В 1992 году Олливье хотел построить в Москве Французский центр современного искусства в Парке Горького, начались переговоры. Уже было решено, что мы поженимся. И мы сидим ночью и думаем: подписывать этот контракт, не подписывать. Понимаем, что, если этот центр будет строиться, я буду жить все время в Москве. И мы подумали, что наше время важнее, решили не строить этот французский центр, а жить между двумя городами… А в 1995-м в Париже на улице меня окликнул Александр Иванович Лазарев, замглавы Департамента культуры Москвы, — с ним тогда, три года назад, мы и обсуждали создание французского центра. Он попросил помочь делегации с переводами на переговорах с мэрией Парижа. Эта встреча была как раз на стройке Европейского дома фотографии. Обратно все поехали на машинах, а мы шли пешком с директором Жаном-Люком Монтероссо, и я спрашиваю его: «Что нужно, чтобы делать вот такой месяц фотографии, как проходит в Париже?» Он ответил: «Надо уметь не спать». Это я точно умею. Через пару дней я появилась с московской делегацией в мэрии Парижа, французы ждут от них предложений, разговор не клеится. Я со своей стороны брякнула: «А давайте мы сделаем международный месяц фотографии в Москве и побратаемся с парижским».
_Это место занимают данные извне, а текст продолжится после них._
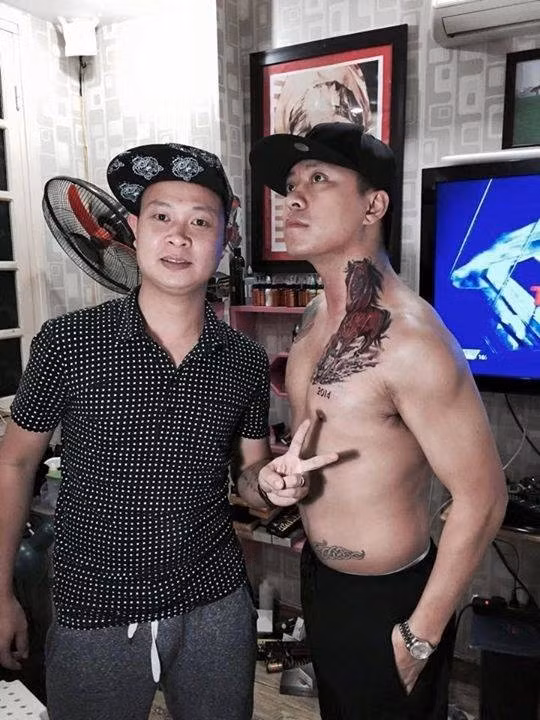  Tuấn Hưng: Giọng ca Nắm lấy tay anh đã xăm hình con ngựa ngay cổ bên trái. Theo chia sẻ của Tuấn Hưng: "Tôi lấy được một cô vợ tuổi Ngọ và sinh được một cậu con trai kháu khỉnh đáng yêu cũng trong năm Ngọ".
Предложение встретило бурную поддержку французской стороны. Я и не понимала, какого количества сил потребует эта авантюра. Но потом мне повезло брать интервью у Анри Картье-Брессона, который не давал интервью 15 лет, а со мной проговорил три часа. Я вышла окрыленная! И в 1996 году открылась весенняя биеннале. Мы показали Картье-Брессона и других звезд фотографии. Открыли российские музейные и архивные коллекции, которые никогда не выставлялись. Показали российских художников, начинавших работать с фотографией: Владика Мамышева-Монро, Олега Кулика, AES+F… Приходилось чинить канализацию и красить стены в выставочных залах. У меня в двух комнатах практически на постоянной основе жили четыре человека, которые делали первую фотобиеннале. Я семь месяцев практически не переодевалась, потому что все шкафы с одеждой были заставлены фотографиями в рамах. Плакала по ночам, звонила Олливье, говорила, что если он скажет, то я брошу все и приеду. Он всегда отвечал одной фразой: «Я хочу, чтобы ты была счастлива». Он знал, что я очень хотела музей. И значит, я должна продолжать! А после того, как я увидела публику, то поняла, что не смогу остановиться. «Мы в ответе за тех, кого приручили».